Both the pyrL and pheM genes are encoding for a leader peptide controlling the expression of respectively pyrLBI [49] and pheMST [50] operons by attenuation. For the pyrL pause [41], there is also little information that is known, but similarly to thrL, it was proposed to regulate transcription regulation similarly as hisL [25]. Predictions suggested the presence of upstream RNA hairpins potentially involved in the pause stabilization [40,42]. However, our assays revealed a pause site that is located ~24 nt upstream of the previously studied pause [41], thus our structural predictions gave a totally different hairpin structure. Finally, to our knowledge, very little is currently known about the structure and the role of pheM pause site and its sole existence is noticed [30], making our structural prediction the first ever discussed.

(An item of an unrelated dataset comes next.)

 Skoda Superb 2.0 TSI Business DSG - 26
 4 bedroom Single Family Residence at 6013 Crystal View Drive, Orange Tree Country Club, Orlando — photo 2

Our experiments showed that both pauses exhibit very similar behaviour regarding the impact of NusA and structural mutations on transcriptional pausing. The pause half-lives of the WT constructs for pyrL and pheM are 12.4 ± 1.6 s and 25.2 ± 3.9 s, respectively (Supplementary Table S1). When performing transcription assays in the presence of NusA, we did not obtain a significant difference on the pause half-life for both constructs (Figure 2B), suggesting that these pauses are not stabilized by NusA. In addition, the half-life of both pauses are decreased by ~1.5 to ~5.8-fold when 5’ or 3’ mutations are introduced (pyrLS1, pyrLS2, pheMS1 and pheMS2) (Figure 2B), suggesting that the pyrL and pheM sequences are important for transcriptional pausing. Similar effects were obtained when using the compensatory mutants (pyrLS3 and pheMS3) (Figure 2B), indicating that no rescue of pausing was obtained in these contexts. Thus, our results obtained for pyrL and pheM suggest that although the transcriptional pausing is affected by the RNA sequence, the presence of NusA does not affect the efficiency of pausing, which is different than what we observed for the other pause sites studied above.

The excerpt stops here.